Cogito LLM 14B - On the Way to Superintelligence - Install and Test Locally
AI Summary
Overview
- Video presentation by Fahad Miza on Cojito AI models.
Key Points
- Introduction to Cojito AI Models
- Newly released models ranging from 3 billion to 70 billion parameters.
- Models available in various flavors, including Quen fine-tune and Llama 3.1.
- Quen flavor chosen for installation due to issues with Llama 4.
- Goals of Cojito
- Aiming towards general super intelligence, indicated as an ongoing process.
- Discussed the concept of alignment to ensure AI behaviors match human values.
- Introduced the alignment strategy IDA (Iterated Distillation and Amplification).
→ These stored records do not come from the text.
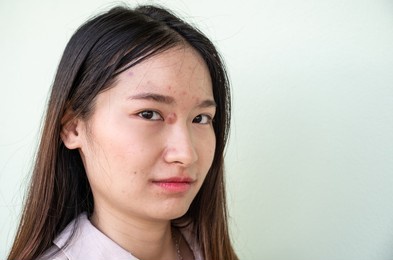 ugly asian woman with large pimple (or elephant head acne) and acne inflamed on her face. hard pimples develop when dead skin cells, sebum, and bacteria enter the skin's surface.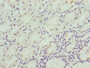 Immunohistochemistry of paraffin-embedded human stomach tissue using CAC14451 at dilution of 1:100 Immunohistochemistry of paraffin-embedded human stomach tissue using CAC14451 at dilution of 1:100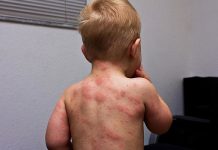8 Types of Herpes Virus & Infections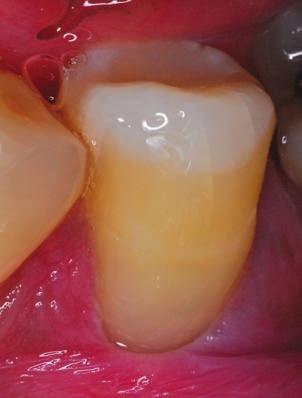 The canals were irrigated and obturated before the tooth was restored with SDR (Dentsply Sirona), a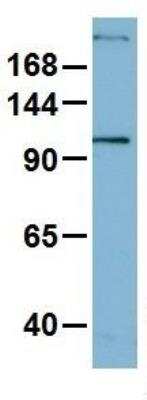 Western Blot: Myosin Heavy Chain 1 Antibody [NBP1-57681]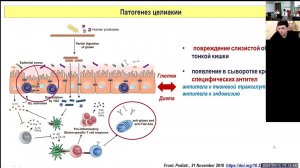 Школа клинического мышления педиатра. Целиакия у ребенка - как не пропустить диагноз?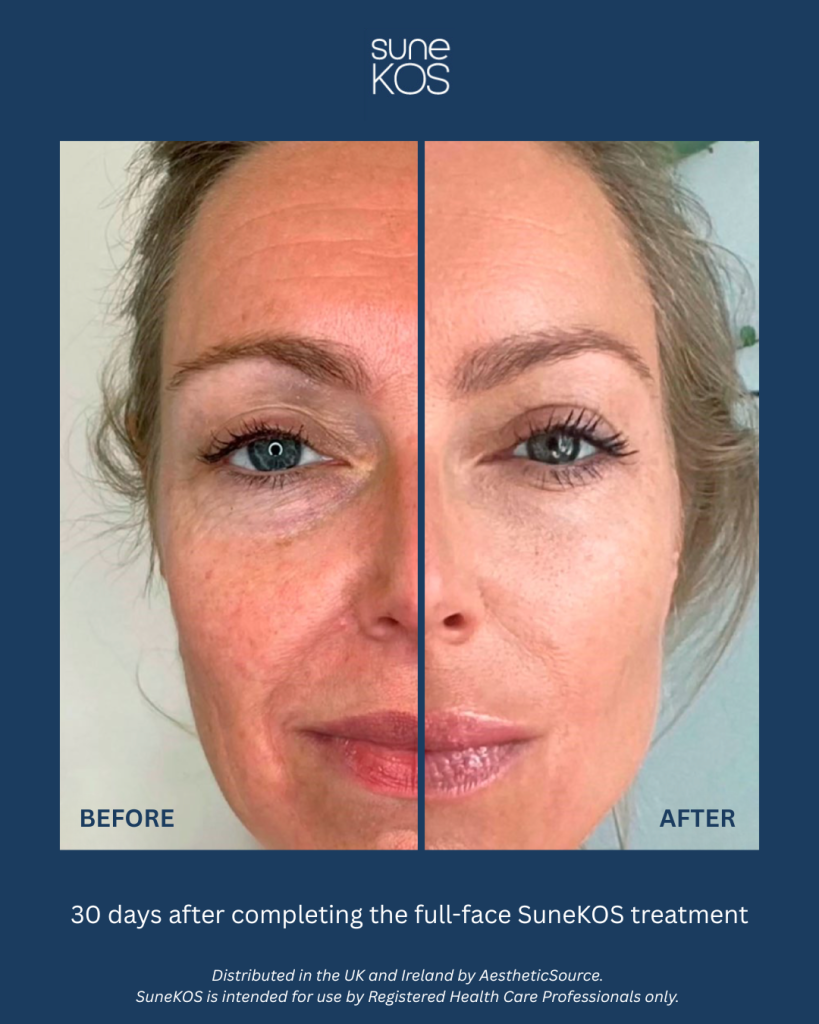 SuneKOS before and after Cheshire Lasers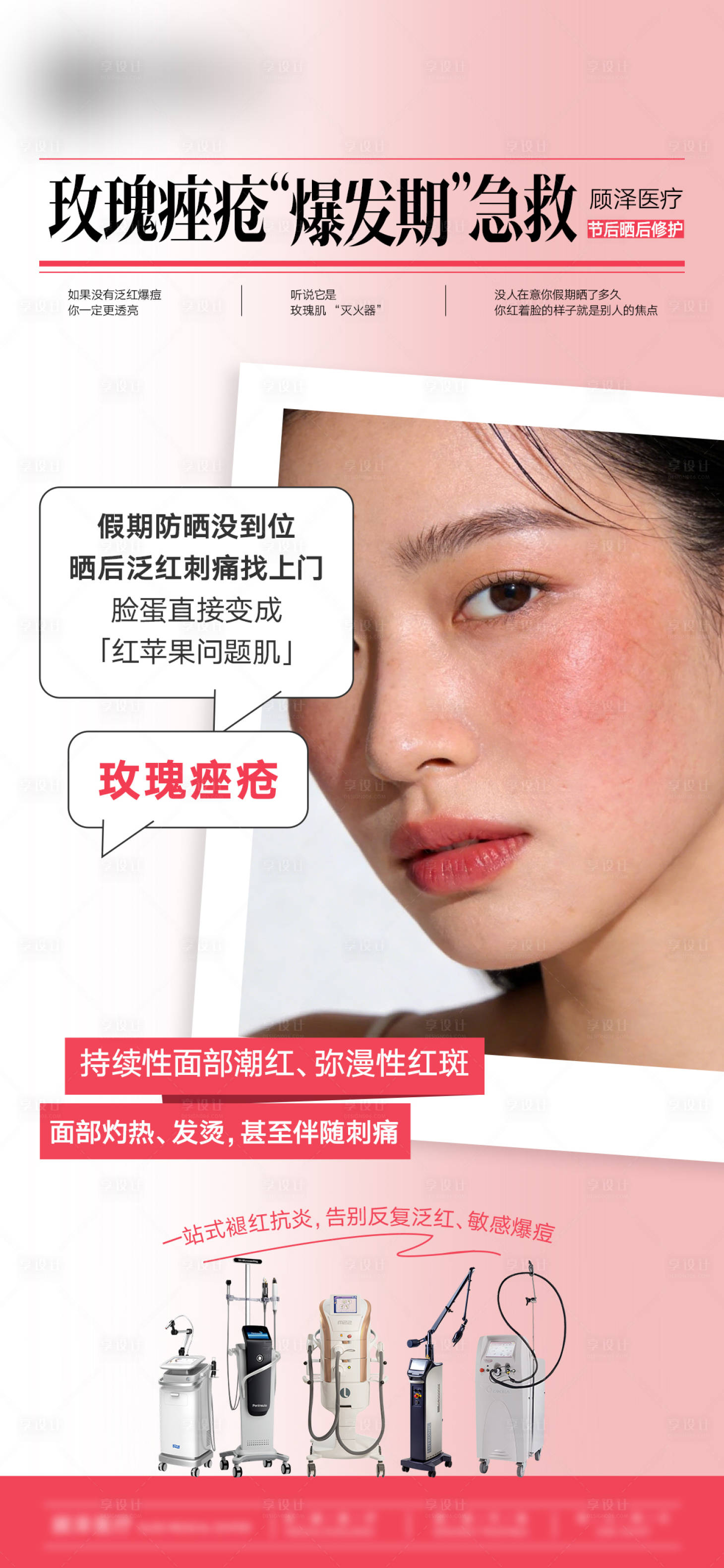 源文件下载【享设计】搜索编号：54370036706889717【玫瑰痤疮 “爆发期” 急救】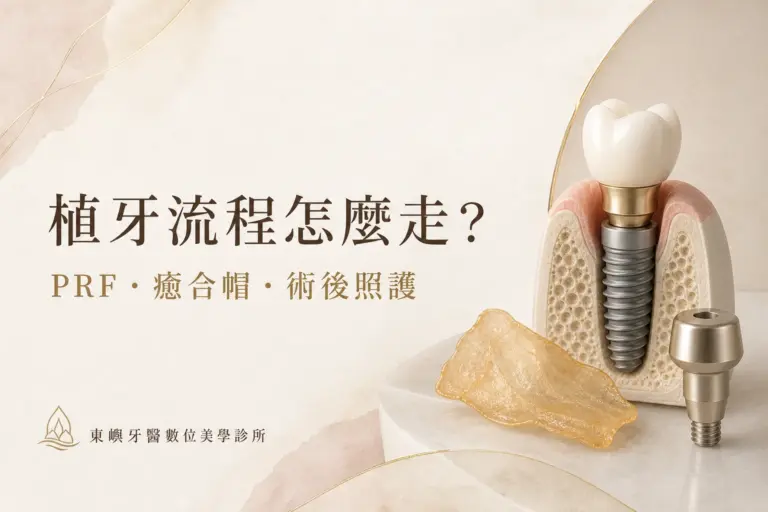 植牙流程怎麼走？PRF、癒合帽與術後照護｜東嶼牙醫數位美學診所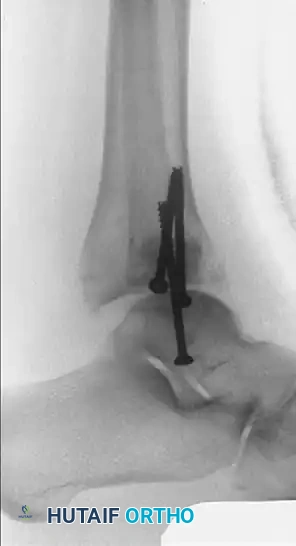 Hutaifortho's Orthopaedic Diagram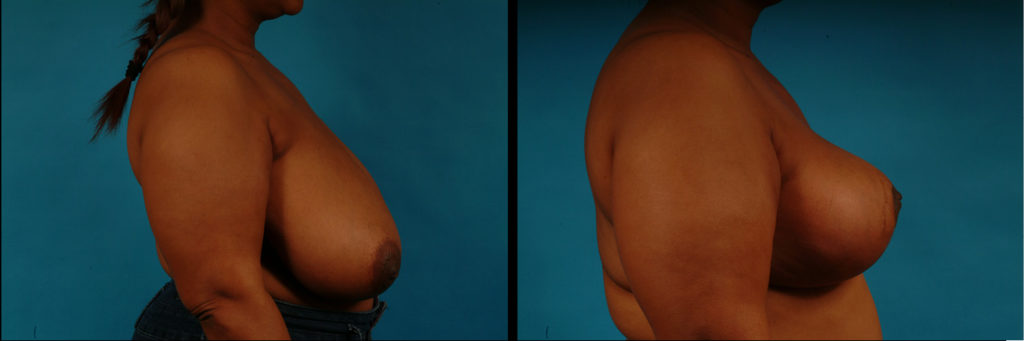 Breast Reduction Before and After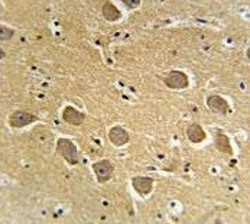 Anti-AQP11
- Installation & Performance Testing
- Process of creating a conda environment and installing prerequisites (Torch and Transformers).
- Running inference using Hugging Face’s transformer pipeline.
- Various prompts tested, yielding coherent and creative responses (e.g., customer review of a fictitious cafe).
- Multilingual capabilities and coding tasks evaluated and found satisfactory.
- Emphasized cohesive and concise responses, maintaining engagement.
- Benchmark performance shown favorable against existing models.
- Technical Performance
- Model consumes approximately 28.5GB of VRAM during trials.
- Responses range from storytelling to logical reasoning and programming tasks.
- Addressed SQL query optimization and Rust program generation, yielding effective results.
- Concluding observations
- Despite strong performance in specific tasks, emphasized that true super intelligence remains unachieved.